Regards croisés : pour une autre Afrique
(Publié le
23/05/2008)
Hommage à Thomas Sankara, président du Burkina Faso, assassiné le 15 octobre 1987 et devenu un symbole et une référence politique majeure pour toute l’Afrique.
C'est le Samedi 17 mai qu'a eut lieu à la Maison Internationale de Rennes l'exposition sur les hommes et les femmes politiques « Pour une autre Afrique »
Présentation et débat autour d’un pot à 19 30 dans l’auditorium - « Thomas Sankara l’homme intègre », film de Robin Shuffield. Projection suivie d’un débat autour du discours de Sankara en 1984 à l’ONU. (Maïmouna Traoré, Mustapha N'diaye, Cyprien Awono, Gueyé Pathé et Mathieu Zalem.)
Thomas Sankara, fût assassiné le 15 octobre 1987. Quand l'Homme est venu, son pays était une "synthèse douloureuse de toutes les souffrances de l'humanité".
Ainsi son pays détenait un triste palmarès : • Record mondial de mortalité infantile • Balance agricole constamment négative •Balance commerciale permanemment déficitaire •Dette publique extrêmement élevée. L'Homme voulut faire de son pays une terre de dignité et de liberté.
Il s'engagea à la fois sur plusieurs chantiers : • L'orientation économique en fonction des nécessités et des besoins réels du peuple et non selon les impératifs et les intérêts de l'économie capitaliste mondiale • La réforme agraire par laquelle la terre appartient à celui qui la cultive • La réforme administrative pour assurer une bonne gouvernance • La libération de la femme par la participation à la vie politique et économique, la lutte contre la prostitution, l'adoption d'un code de la famille, l'interdiction de l'excision… • La protection de l'environnement par la lutte contre la désertification • Etc…
 « Notre révolution est et doit être permanente, l'action collective des révolutionnaires pour transformer la réalité et améliorer la situation concrète des masses de notre pays. Notre révolution n'aura de valeur que si en regardant derrière nous, en regardant à nos côtés et en regardant devant nous, nous pouvons dire que les burkinabé sont, grâce à la révolution, un peu plus heureux, parce qu'ils ont de l'eau saine à boire, parce qu'ils ont une alimentation abondante, suffisante, parce qu'ils ont une santé resplendissante, parce qu'ils ont l'éducation, parce qu'ils ont des logements décents parce qu'ils sont mieux vêtus, parce qu'ils ont droit aux loisirs ; parce qu'ils ont l'occasion de jouir de plus de liberté, de plus de démocratie, de plus de dignité. Notre révolution n'aura de raison d'être que si elle peut répondre concrètement à ces questions. "

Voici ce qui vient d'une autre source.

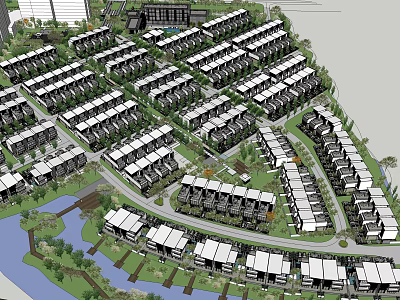 Modern Residential Housing Estate Layout With Neatly Arranged Houses Curved Roads And Waterfront Areas 3d model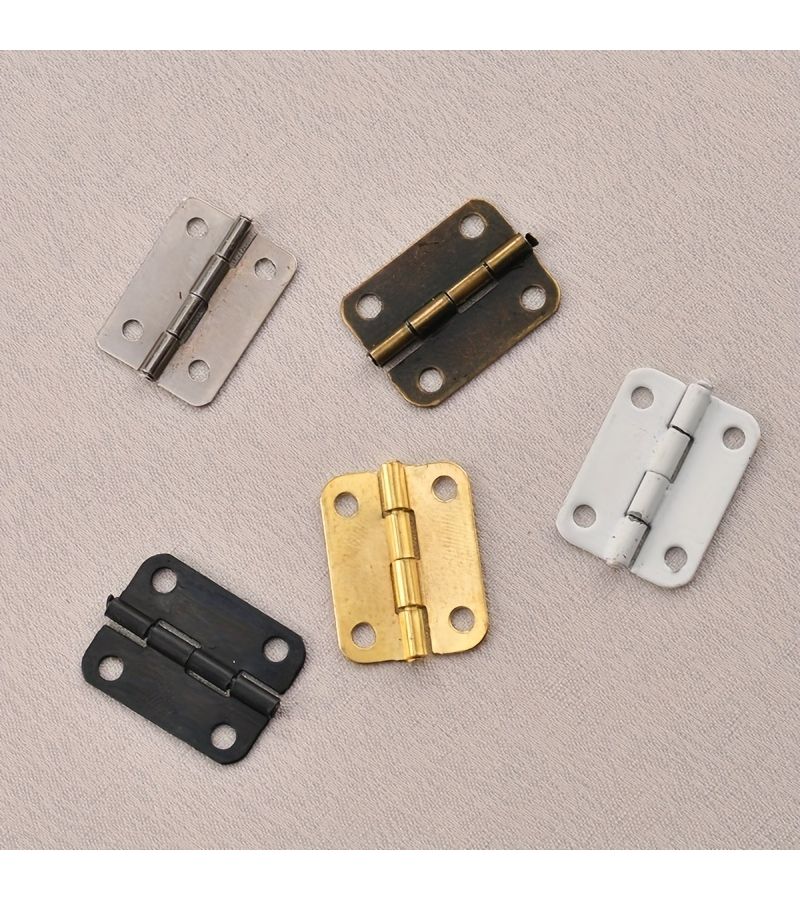 10 Yellow Retro Decorative Hinges with Screws for Wooden Box Jewelry Cabinet - Image 4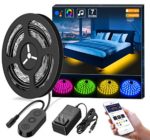 MINGER RGB Under Bed Light by Wireless APP Control LED Strip Lights Sync with Music，2×4.92ft IP65 Waterproof Music Rope Lighting ，12V Power Supply Flexible RGB Light Strip，LED Bed Light for Bedroom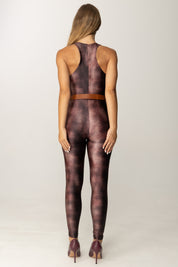 Elisabetta Franchi Tuta In Lycra Stampata con Cintura TU06757E2 MERLOT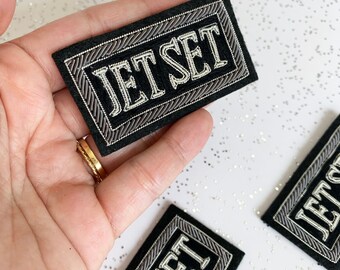 Embroidered Bullion Patch: Jet Set Wire Sew-On Applique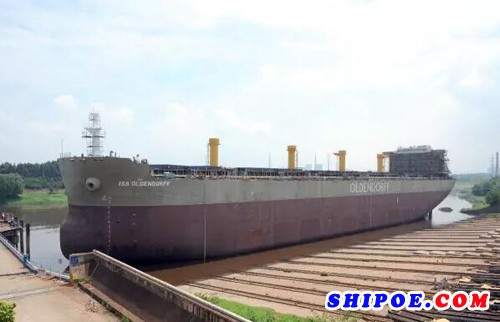 青山船厂为德国Oldendorff航运公司建造的64000吨-10#散货船顺利完成下水节点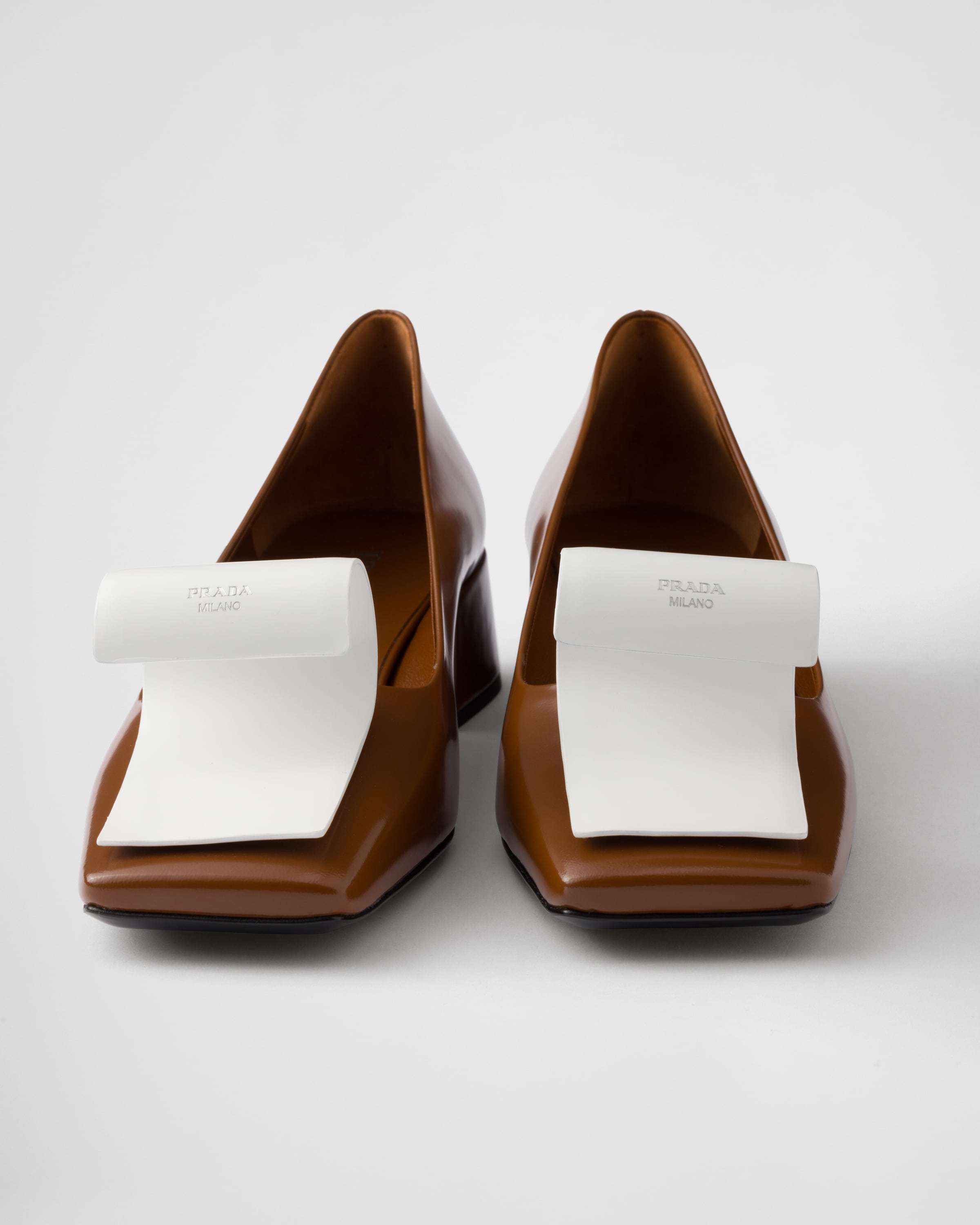 Prada Scarpe Con Tacco In Pelle Bicolor  Donna In Tobacco Color/white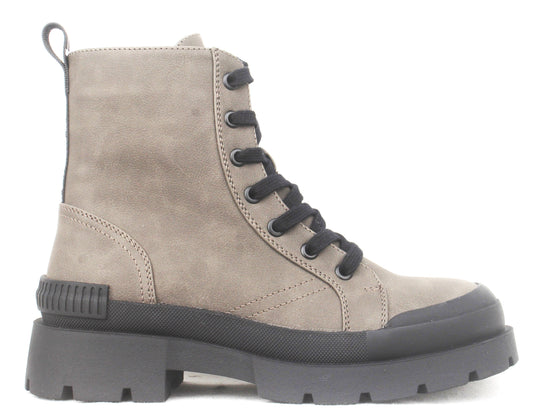 Taupe-colored lace-up lug sole boot with black laces.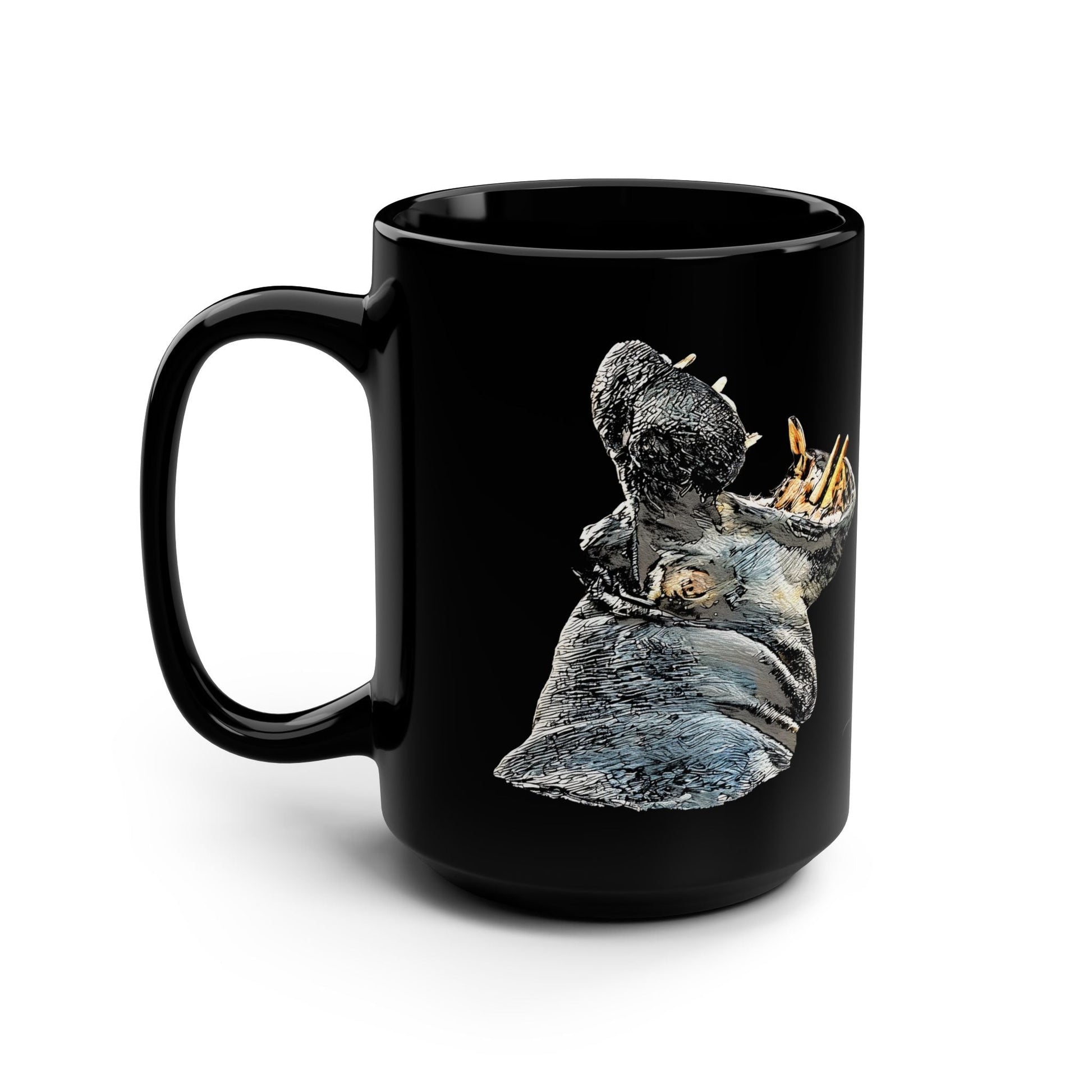 Hippo 15oz Large Black Ceramic Mug - HD Printing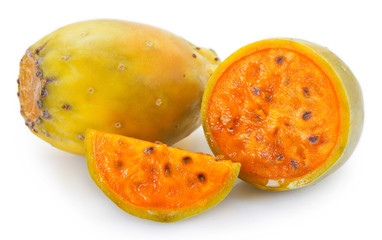 Fresh opuntia on white background. Prickly pear.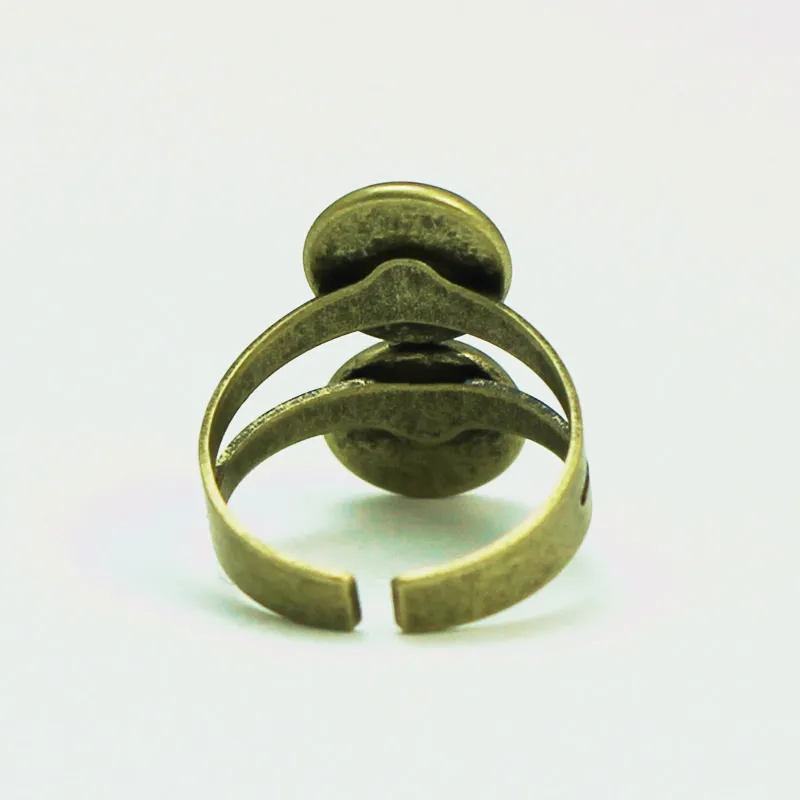 Beadsnice Double Ring Base For Jewelry Making Antique Brass Adjustable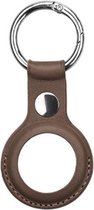 Lederen hoesje - Airtag hanger leer - Bruin - Geschikt voor Airtags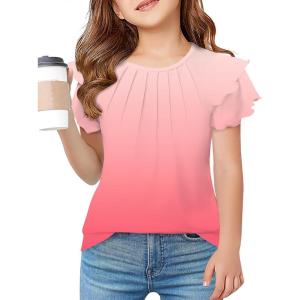 Arshiner Girls T Shirts Ruffle Short Sleeve Summer Pleated Crewneck Casual Tops Tees Blouses(Gradient Light Pink)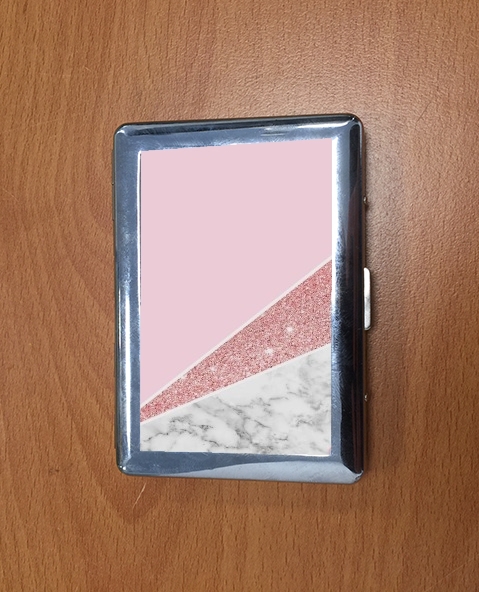 Porte Cigarette Initiale Marble and Glitter Pink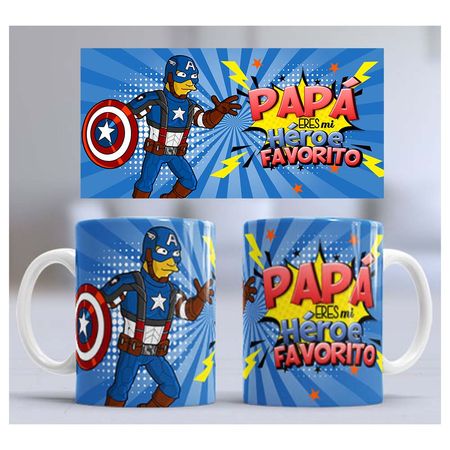 Taza de Loza Grande 15oz Día Del Padre Heroe Capitan America 43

20 ans après sa mort l’année Sankara un succès
 L’année 2007 déclarée Année Sankara fut un grand succès. Dans de nombreux pays des activités se sont tenues pour mieux faire connaître l’action et la pensée de Thomas Sankara ainsi que les acquis de la révolution burkinabé.
Au Burkina Faso, la participation de la population aux différentes activités a dépassé les espérances du Comité National d’Organisation alors que ce dernier a manqué de moyen et que le pouvoir n’a cessé de manœuvrer pour perturber la préparation et le déroulement de la commémoration. Mais pour la première fois des milliers de personnes, particulièrement des jeunes, ont défilé dans les rues, en se réclamant de la pensée de Thomas Sankara et ont participé au symposium Sankara sur la portée de la révolution burkinabé. A l’étranger des comités Sankara ont organisé de nombreuses manifestations, projections de films, débats, commémorations, rassemblements, concerts, spectacle.